Sampling introduces stochasticity into the decoding process by randomly selecting each subsequent token based on the predicted probability distribution. This randomness results in greater output variability. Stochastic decoding proves more adept at capturing the diversity of potential outputs and often yields more imaginative responses. Higher temperature values introduce more fluctuations and increase the creativity of the model’s response.

Prompting techniques: CoT and self-consistency

The reasoning ability of language models can be augmented via prompt engineering. In particular, CoT has been shown to elicit reasoning in complex NLP tasks. One way to implement a zero-shot CoT is via prompt augmentation with the instruction to “think step by step.” Another is to expose the model to exemplars of intermediate reasoning steps in few-shot prompting fashion. Both scenarios typically use greedy decoding. CoT leads to significant performance gains compared to simple instruction prompting on arithmetic, commonsense, and symbolic reasoning tasks.

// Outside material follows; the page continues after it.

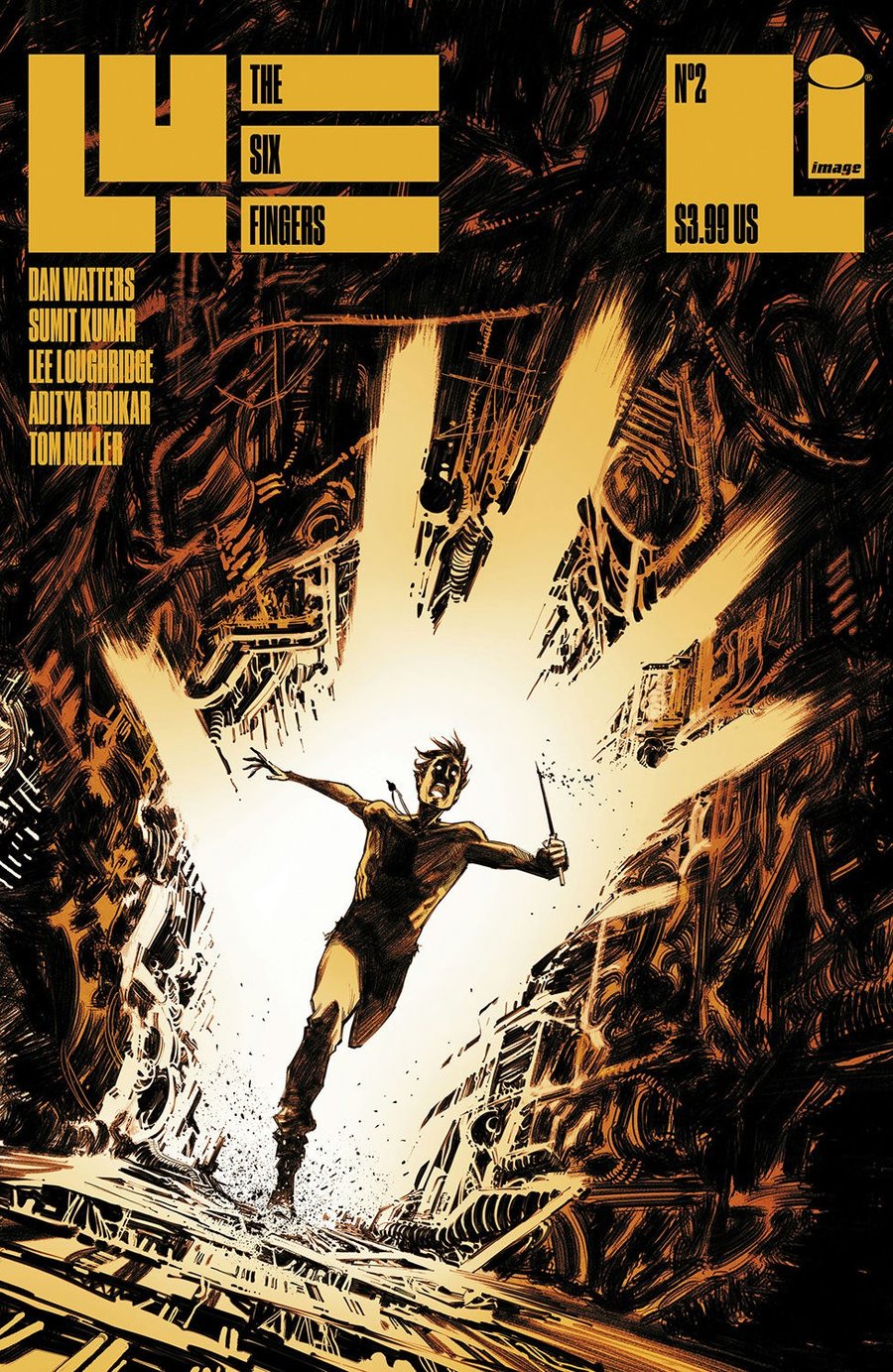 Cover of The Six Fingers (2024) - #2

Self-consistency prompting is based on the assumption that introducing diversity in the reasoning process can be beneficial to help models converge on the correct answer. The technique uses stochastic decoding to achieve this goal in three steps:

Prompt the language model with CoT exemplars to elicit reasoning.
Replace greedy decoding with a sampling strategy to generate a diverse set of reasoning paths.
Aggregate the results to find the most consistent answer in the response set.

Self-consistency is shown to outperform CoT prompting on popular arithmetic and commonsense reasoning benchmarks. A limitation of the approach is its larger computational cost.

This post shows how self-consistency prompting enhances performance of generative language models on two NLP reasoning tasks: arithmetic problem-solving and multiple-choice domain-specific question answering. We demonstrate the approach using batch inference on Amazon Bedrock:

We access the Amazon Bedrock Python SDK in JupyterLab on an Amazon SageMaker notebook instance.
For arithmetic reasoning, we prompt Cohere Command on the GSM8K dataset of grade school math problems.
For multiple-choice reasoning, we prompt AI21 Labs Jurassic-2 Mid on a small sample of questions from the AWS Certified Solutions Architect – Associate exam.

Prerequisites

This walkthrough assumes the following prerequisites:

An AWS account with a ml.t3.medium notebook Instance hosted in SageMaker.
An AWS Identity and Access Management (IAM) SageMaker execution role with attached AmazonBedrockFullAccess and iam:PassRole policies to run Jupyter inside the SageMaker notebook instance.
An IAM BedrockBatchInferenceRole role for batch inference with Amazon Bedrock with Amazon Simple Storage Service (Amazon S3) access and sts:AssumeRole trust policies. For more information, refer to Set up permissions for batch inference.
Access to models hosted on Amazon Bedrock. Choose Manage model access on the Amazon Bedrock console and choose among the list of available options. We use Cohere Command and AI21 Labs Jurassic-2 Mid for this demo.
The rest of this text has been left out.